__Exercise__
With all pictures omitted, return verbatim the lines from the beginning of the records below through the line containing "Chupa Chups Incredible".

Image-caption web data:
###

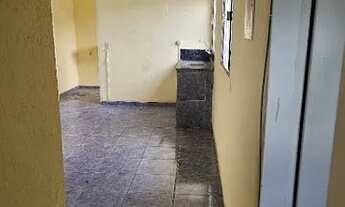 Imagem 3: Casa com 1 dormitório para alugar, 60 m² - Granja Viana - Cotia/SP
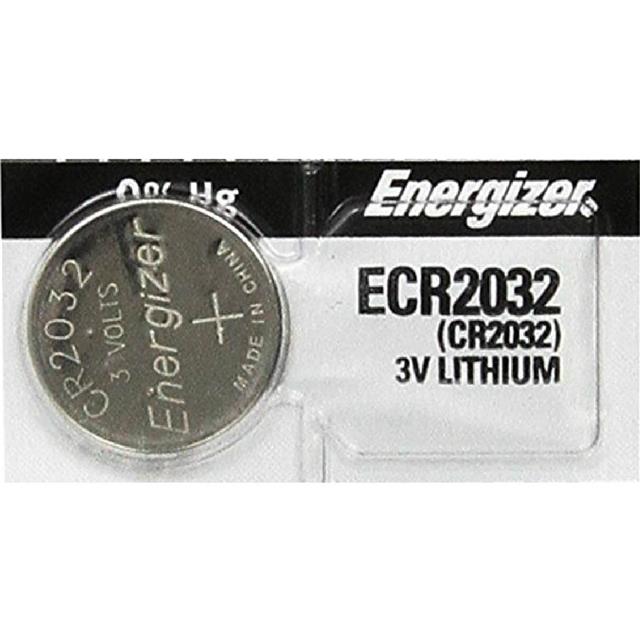 E-CR2032 TS Energizer Battery Company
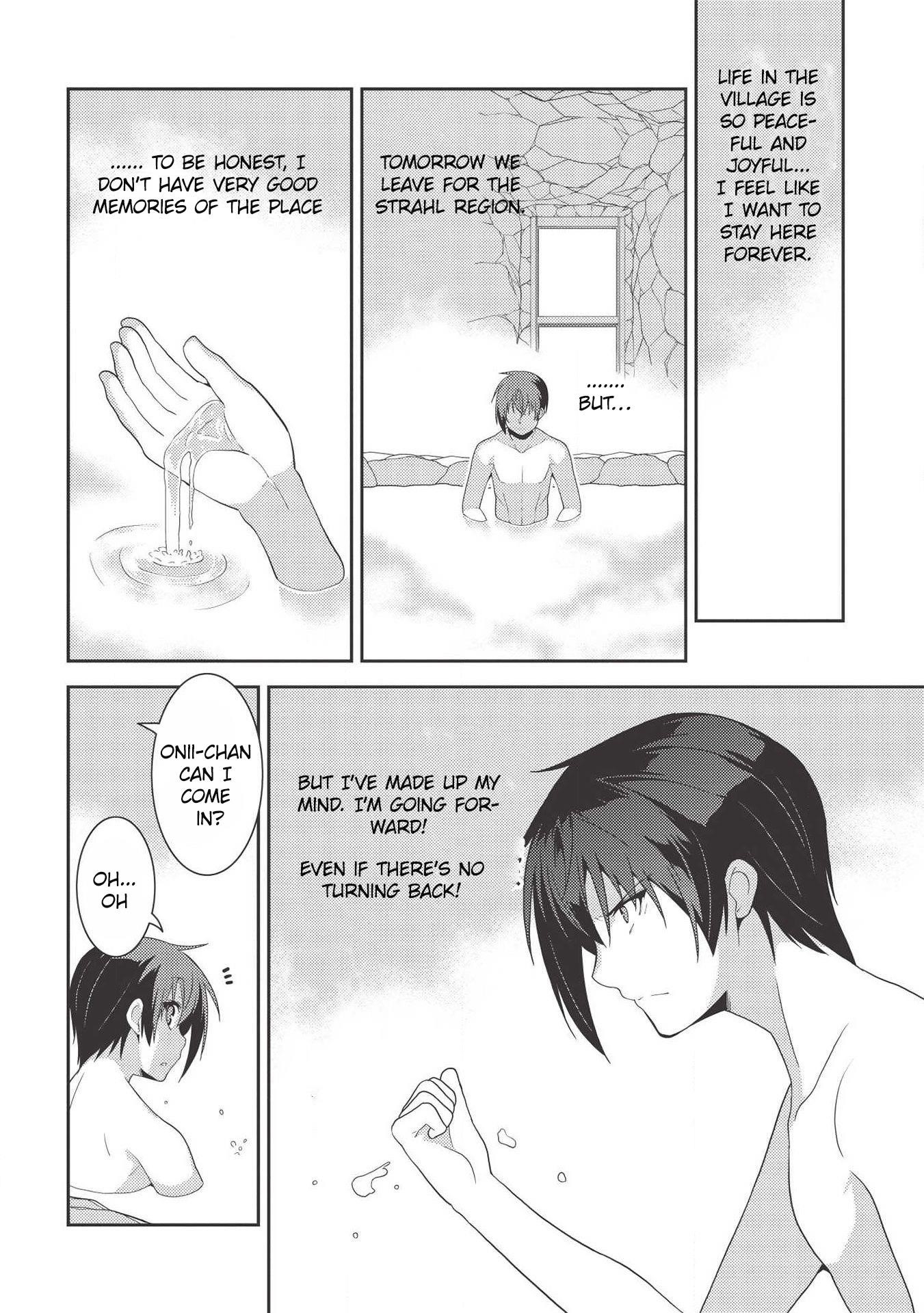 Seirei Gensouki – Konna Sekai De Deaeta Kimi Ni Chapter 32 - Page 16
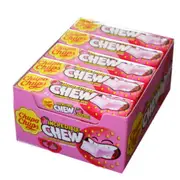Chupa Chups Incredible Chew Strawberry 45g x 20 Packs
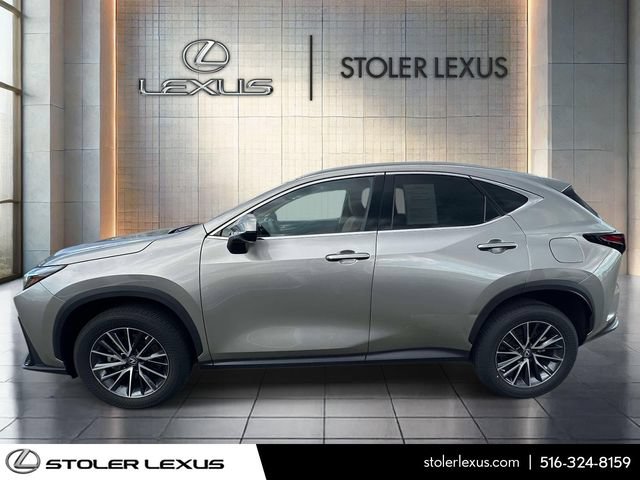 Certified 2023 Lexus NX 350 AWD image 4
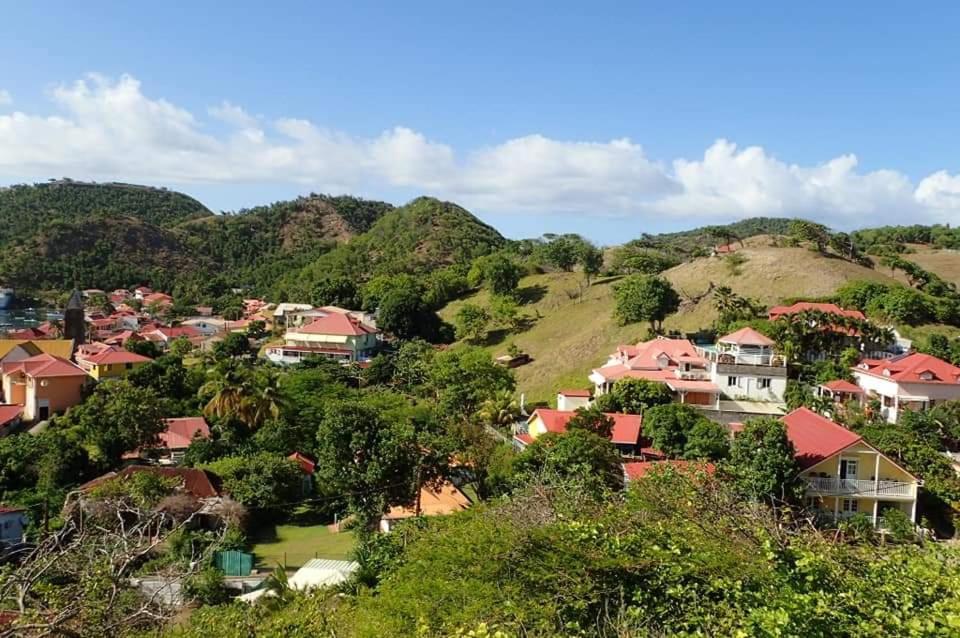 Studio 2- Laurier - 4 Pers - Proche Centre Terre-De-Haut Luaran gambar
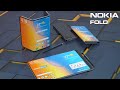 Nokia fold 5g  concept phone official trailer
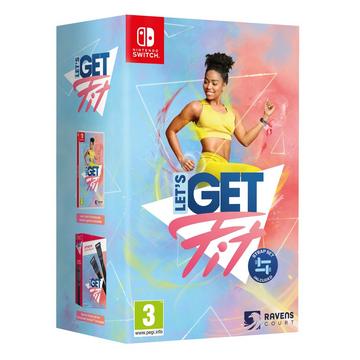 Let's Get Fit Standard Nintendo Switch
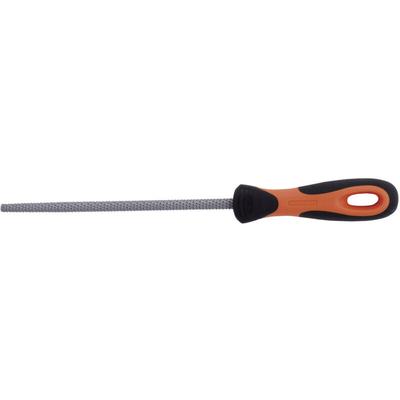 6-345-08-2-2 Raspel Rund mit Heft 200 x 9,0mm Hieb 2 1 St. - Bahco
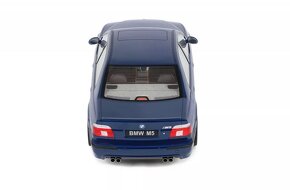 BMW E39 M5 1998 1:12 OttoMobile - 8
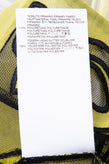 MAISON MARGIELA Midi Trapeze Dress US4 IT40 S RRP$7500 Mesh PVC Hem Overlay gallery photo number 9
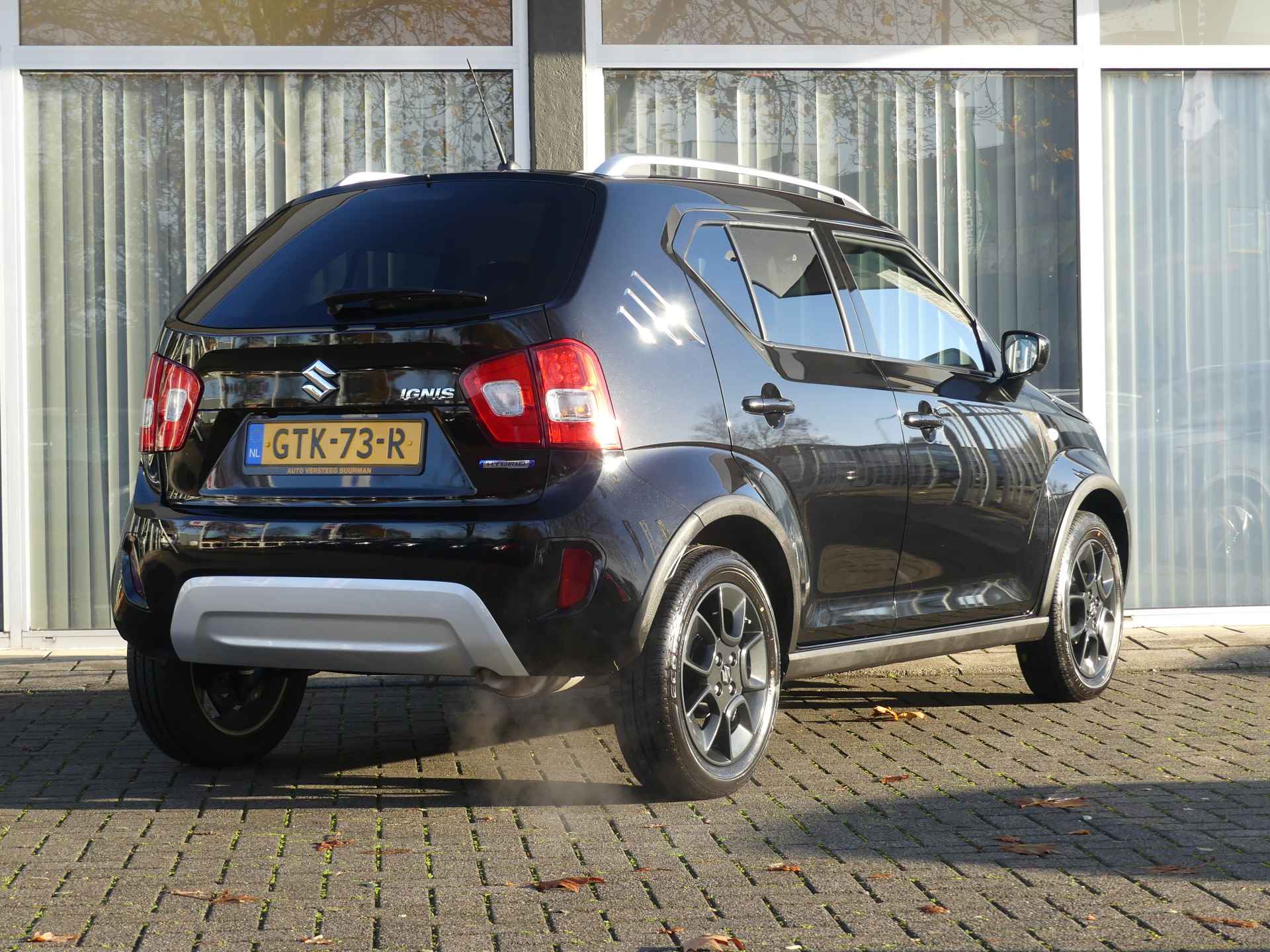 Suzuki Ignis 1.2 Smart Hybrid Select Automaat, Achteruitrijcamera, - 5/29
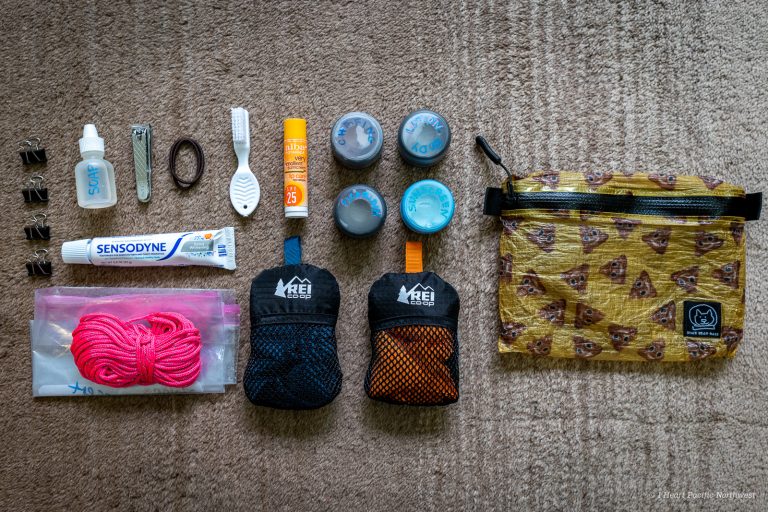 7 Best Hygiene Kits for Backpacking Hikers in 2026
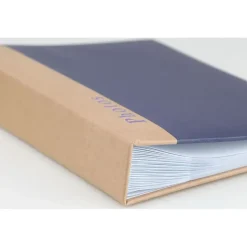 Ideal Trend Ideal Chapter Einsteckalbum für 300 Fotos in 10x15 cm Foto Album mit Farbauswahl: Farbe: Blau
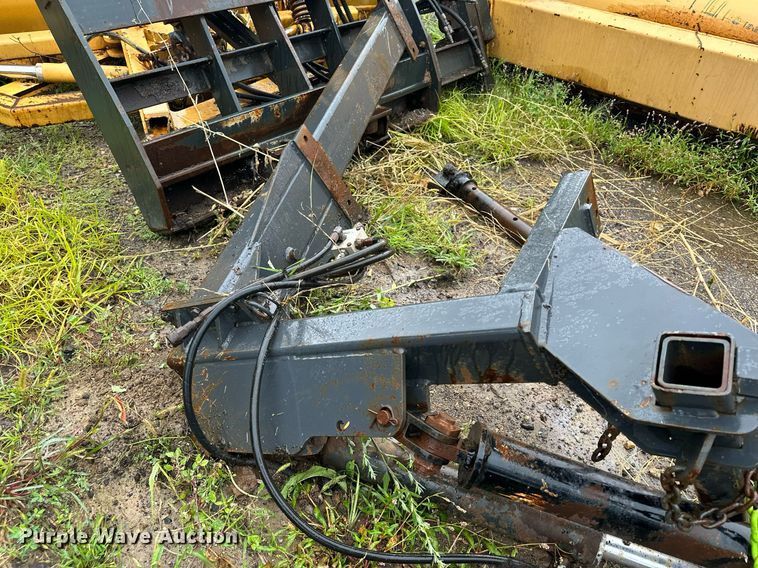 image for item MQ9343 Falls PR-1245RCE1  wheel loader snow plow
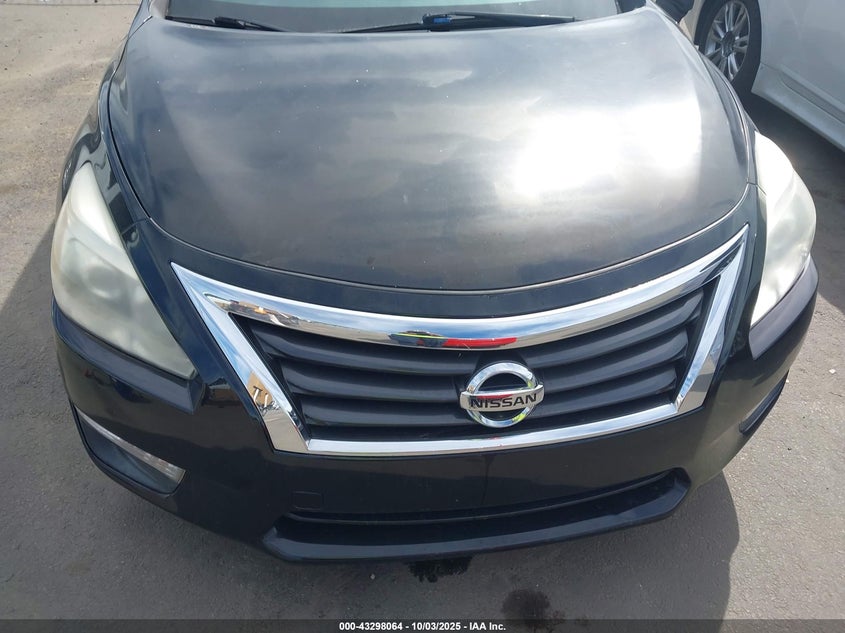 2015 Nissan Altima 2.5/2.5 S/2.5 Sl/2.5 Sv VIN: 1N4AL3AP3FC445354 Lot: 43298064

###

__Response to this exercise__
 Imagem 3: Casa com 1 dormitório para alugar, 60 m² - Granja Viana - Cotia/SP
 E-CR2032 TS Energizer Battery Company
 Seirei Gensouki – Konna Sekai De Deaeta Kimi Ni Chapter 32 - Page 16
Chupa Chups Incredible Chew Strawberry 45g x 20 Packs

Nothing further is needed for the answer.